‘Waterpieces’ reflect a colorful artworld

Take note – story published 9 years ago

The 14th International Contemporary and Video Arts Festival “Waterpieces” opens Friday on the AB Embankment in the middle of the Daugava river and at Kronvalds Park by the canalside in downtown Riga.

The theme of the festival this year is “The Changing City” and will treat the interaction between people and their cosmopolitan environment through artists’ eyes. Coinciding with Riga’s City Festival this weekend, “Waterpieces” will feature presentations by Baltic arts curators, video art exhibits, audiovisual performances and works compiled from world-reknowned motion picture and digital culture platforms.

“Visually, the program is exceptionally colorful and attractive. You can enjoy it just passing by,” program coordinator Viktorija Kasperoviča told Latvian Television news program Panorāma Thursday.

The festival will open with an international project called “Riga’s Urban Screen.” Curated by Lorenzo Gerbi, it compiles video images from the world’s largest city ‘screens’ (parks, squares, architectural facades, shopping centers) already seen by millions of viewers around the world.

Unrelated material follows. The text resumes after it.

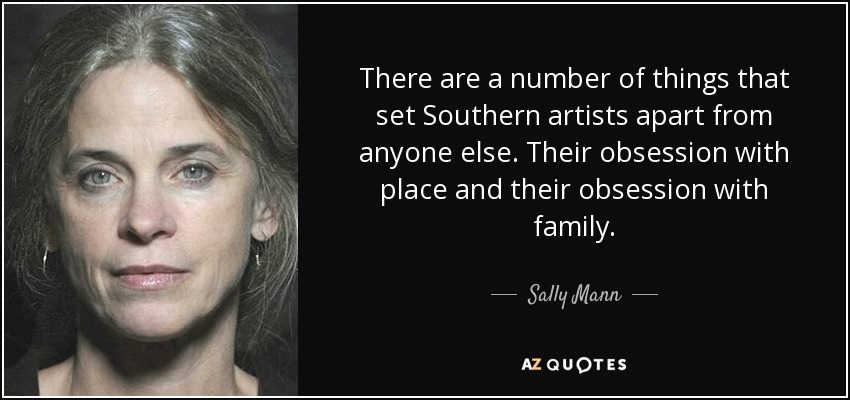 There are a number of things that set Southern artists apart from anyone else. Their obsession with place and their obsession with family. - Sally Mann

Festival organizer Dzintars Zilgalvis told Panorāma that the artworks will be presented on the waterside, reflecting both the works and the sky in a kind of ‘double-screen’.

The compilation centers around two themes – the city as our daily context and the city as a living creature. Friday and Saturday’s program compiles a wealth of animated videos and motion pictures depicting both real and symbolic urban environments and discoveries from various corners of the world.

A series of short films and conversations about the interaction of video art with urban culture will take place at the canalside in Kronvalds Park Saturday, curated by Egle Mikalajune and Stena Ojava to offer an insight into Lithuania and Estonia’s video arts scene.

On Saturday evening the video compilations continue with the program titled “The City as Character”, plus an assortment of entries from Australia’s progressive digital culture festival “Pause Fest”.

The ‘Waterpieces’ festival is set to close Sunday on the AB Embankment with a series of stop-action photography workshops starting at noon for families and children, as well as open-air screenings of various cartoons from the London Animation Film Festival LIAF.